The third type (C) of deposit is made up of very small catalyst particles, along with elevated levels of alkali metals (sodium, potassium, and calcium), chlorides, vanadium, and iron, as well as other trace contaminants from unique or challenging feedstocks. It is theorized that these contaminants form a low melting point eutectic. These deposits are very hard and are often found in areas of high gas velocity and pressure drop, and the expander is just such a place. If these deposits form along the expander blade tips to sufficient thickness to cause rubbing, the friction will increase the temperature enough to sinter the deposit into a new type (D) of deposit which has increased metals content from the expander metallurgy.
By reducing catalyst traffic to the flue gas and preventing condensation, these types of deposits can be minimized. Keeping the regenerator cyclones and third-stage separator mechanically healthy and operating within design specifications will help. Ensuring catalyst coolers are leak-free will prevent boiler feed water chemicals from further contaminating catalyst and eliminate an attrition source. Running the expander at design conditions can keep the flow path through the expander fully developed, thus mitigating eddy currents and dead spaces. Suppressing the contaminant metals (particularly those that accumulate on the surface of the catalyst particle and then abrade off) or using a catalyst with a low attrition tendency can help to reduce blade depositions. There are also several options for expander coatings which can reduce or prevent the accumulation of deposits.
Monitoring deposits during the run can help a refiner be prepared for work that needs to be done during the next available outage. Taking pictures through view ports and vibration monitoring are two common methods used to quantify and track deposit formation.
Once formed, deposits can cause loss of expander efficiency and threaten the mechanical integrity of the machine, as well as force a shutdown due to high vibrations. While these deposits can be removed through the injection of walnut shells or rice, a regular program aimed at preventing the formation of deposits is generally more effective at achieving longer run lengths than attempting to fix a vibration issue after it develops. Varying the size of the media can help reach the different places these deposits form. Other methods include thermal shocking or thermal cycling of the expander, which takes advantage of the different thermal expansion coefficients of the deposits and the turbine metallurgy to release accumulated deposits from the surface of the blades.
ALEX MANNION (BASF Corporation)
Below are deposit examples from a cyclone and expander blade. Typically, these deposits are rich in elements such as Fe (iron), Ca, Na, Mg and S. These elements can act as a “glue,” binding catalyst fines together.

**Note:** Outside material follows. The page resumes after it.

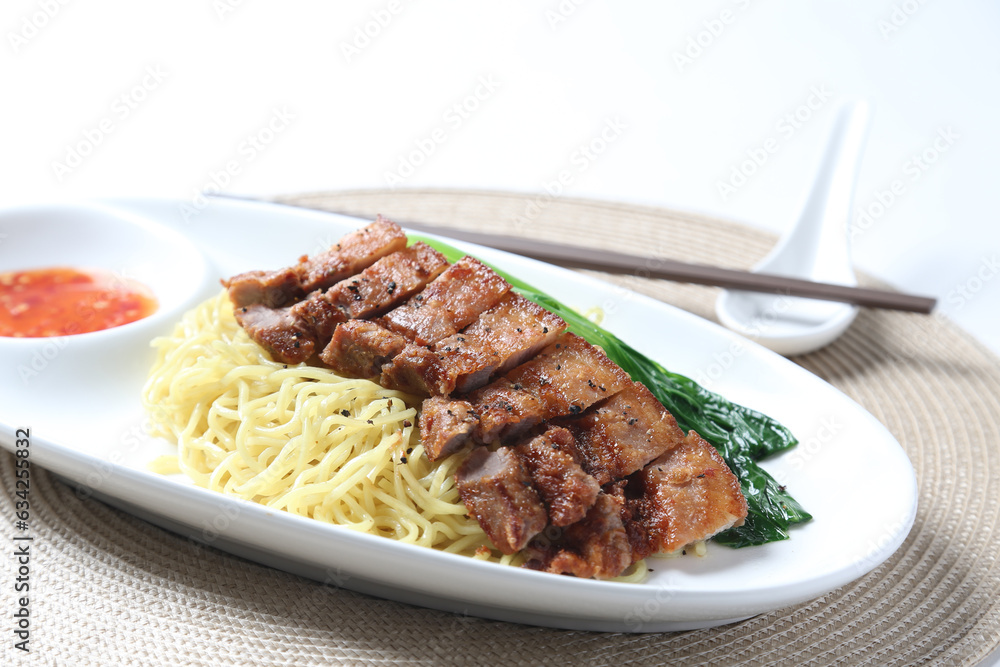 cook dry egg noodle mee with grilled chicken chop, pork cutlet and vegetable in soy chilli sauce in plate chopstick on brown cloth white table asian chef cuisine halal food menu for restaurant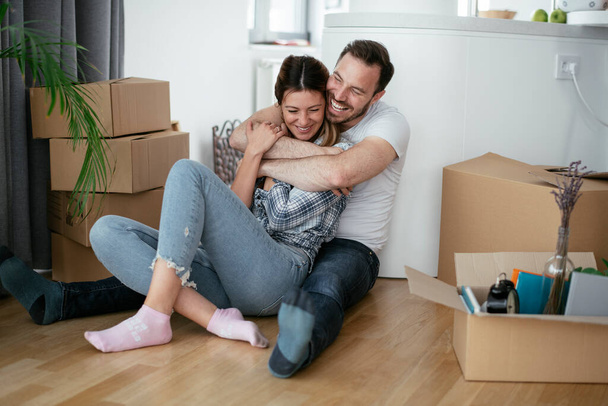 Boyfriend and girlfriend are moving in a apartment. Young couple are unpacking their belongings. - Foto, Imagen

Factors that could lead to deposit formation include high catalyst attrition, high catalyst losses from cyclones, poor water quality being used from steam injection, water condensation and precipitation at cold spots, and high metals content in the FCC feed.
Several measures can be taken to avoid deposits from laying down on the blades. To minimize fines generation, an attrition-resistant catalyst can be used, and fresh catalyst additions should be minimized. Also, all steam ROs (restriction orifices) should be in place, and excess velocities should be avoided. High-quality water should always be used while minimizing water injection, when possible. “Cold spots” in the overhead line or expander should be avoided. Crude desalting additives can be used to minimize metals (e.g., Ca) in the feed. Finally, effective soot blowing of CO boiler tubes can mitigate deposit formation as well.
Deposits can lead to expander vibrations and blade erosion, potentially leading to catastrophic equipment failure. If deposits have begun to form, regular walnut shell cleaning can be conducted and thermal spalling if required.
Question 18: Vacuum Gas Oil (VGO) Hydrotreaters are being pushed to process heavier feeds while maximizing Fluidized Catalytic Cracking Unit (FCCU) performance while meeting Tier III gasoline specifications. How are you balancing increased severity and cycle length? What considerations do you give to feed quality and upstream unit operations?
JEFF CATON (Axens)
The FCC unit has long been the workhorse in the refinery to achieve relatively low-cost conversion of heavy crude components (VGO, HCGO and some atmospheric residue) into gasoline, butenes for high-octane alkylate production, propylene and LCO diesel blend components (Refer to Figure 1 - FCC Pretreatment Primary Objectives). The benefits of FCC feed pretreatment or VGO hydrotreating (CFHT) are well known; improved FCC performance and yields, decreased FCC product sulfur (with the potential to produce ultra-low sulfur gasoline), increased volume swell through aromatics saturation, and decreased FCC SOx and NOx emissions. When considering the importance of environmental compliance, crude slate flexibility, and optimizing product yields, the CFHT performance and reliability plays a tremendous role in the overall profitability of the refinery.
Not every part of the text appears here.